Küllerin döküldüğü yerde o zamandan beri tek bir çimen bile yetişmediğini söylüyorlar.
Hermit'in Kötülüğü
Volga tepesinde sarı kuşaklı kırmızı bir gömlek içinde duran münzevi Matvey sıcak gözlerle baktı. Ve tütsülenmiş Zhiguli mağaralarında başarılarıyla başa çıkmaya gelen gençlere şunları söyledi :
Münzevinin bakımı dünyanın ötesine geçer. Ellerini yere ve göğe uzatıyor!
Meleğin Şarkısı
“Geniş şiir denizinde bir tekne yüzüyor derler. Yanlarında güneş ve ay çizilir, burnundan oyulmuş bir ördek mesafeye bakar. O kayıkta Melek uyuyor, kürekle hükmediyor. Ve Meleğin yolda karşılaştığı her şey şarkıya konur.
Ve o şarkıda bir fabrika çalışıyor, fırın islerini paha biçilmez kadifeye çeviriyor. O şarkı dünyadan değil, dünya için. Özüne karışmak ve dünyanın yönünü belirlemek için acele ediyor.
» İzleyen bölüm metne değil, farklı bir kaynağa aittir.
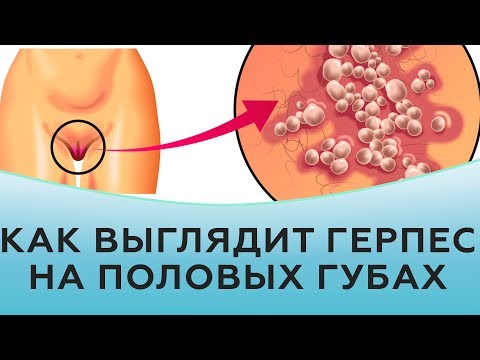 Видео: Как выглядит герпес на половых губах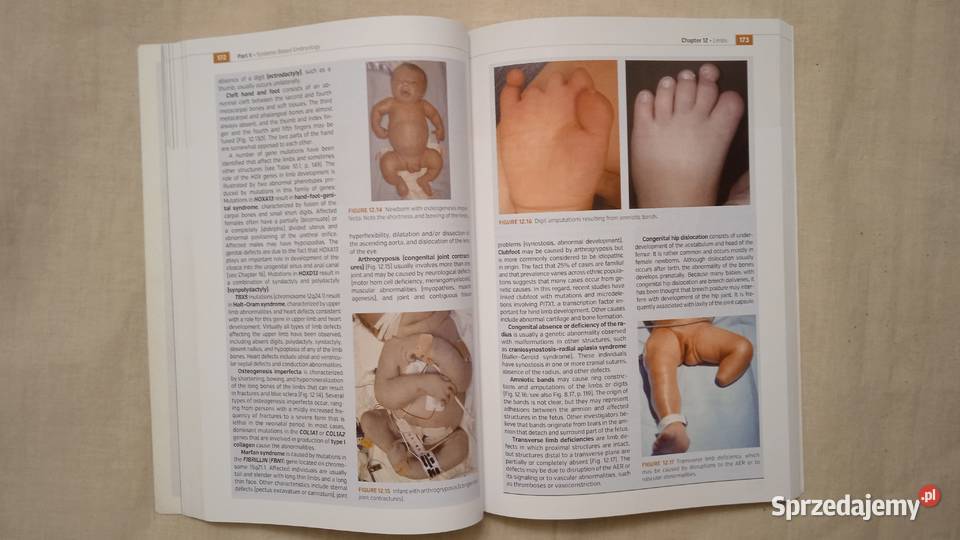 Medical Embryology Sadler Warszawa sprzedam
Chu: o şarkı denizin uçurumunun üzerinden ve hatta Rus topraklarının eteklerinde, yılanın Tugarin'in kuyruğunun örülmüş olduğu , Baba Yaga'nın süpürgesi çaprazlanmış, güneş parlıyor ”diye yazdı bir münzevi spor salonu arkadaşı Samara NN, bir münzevi.
üçüncü dil
Kardeşleri hakkında kötü konuşan münzevi P., rüyasında dilinin yılan gibi çatallı olduğunu gördü. Aşırı bir endişe halinde, Kıdemli Münzevi'ye göründü ...
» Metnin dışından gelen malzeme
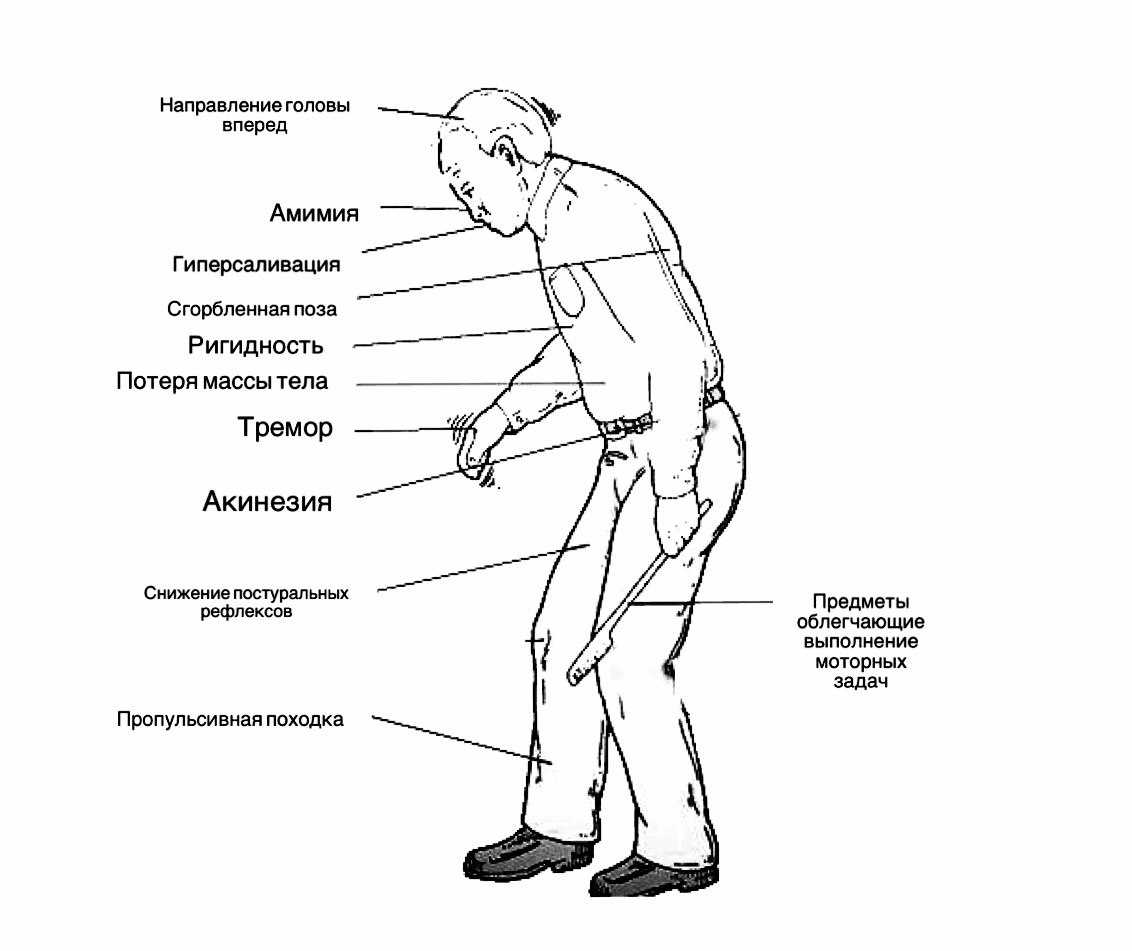 Виды, симптомы и лечение паркинсонизма | medboli.ru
Bana dilini göster, diye sordu.
Münzevi gösterdi.
Kıdemli Münzevi, "Gerçekten iki diliniz var," dedi. - Doğru, münzevi olması gereken üçüncüsü de büyüyor . Sadece balın aktığı dil!
otobur yırtıcı
En yaşlı keşiş olan UB.'nin hayatının sonuna kadar çok az dişi kalmıştı. Son diş düştüğünde B. şunları söyledi:
- Yırtıcı sonsuza dek bitti.
- Sen nasıl bir yırtıcısın kardeşim? ona sordular.
- Elbette otçul!
Hermit'in İtirafı
Münzevi İvan, mağarasına bacadan giren güneş ışınlarına nasıl bakılacağını biliyordu, öyle ki ışın bir mandolin ipi gibi çınlamaya başladı. Ya da belki de münzeviyi açık bir bahar gününde ziyaret eden kişiye öyle geldi ?
Kuş kirazı komşu bir dağın yamacında çiçek açmış, hem koku hem de bülbül şakıması yaymıştı. Bir edebiyat aşığı, iki olayı bir olaya bağlayarak böyle bir şarkıyı "hoş kokulu" olarak adlandırırdı. Ve hala hayatın tüm kurallarının etrafında çınlayan bir güneş ışınının çınlaması altında, münzevi İvan şöyle dedi:
- Bazen bir Volzhanlı olarak bana öyle geliyor ki ruhum Volga ve Zhiguli'den oluşuyor!
Vaaz Kez Grace
"Lütuf olmadan vaaz vermek, bir münzevinin başına gelebilecek en kötü şeydir !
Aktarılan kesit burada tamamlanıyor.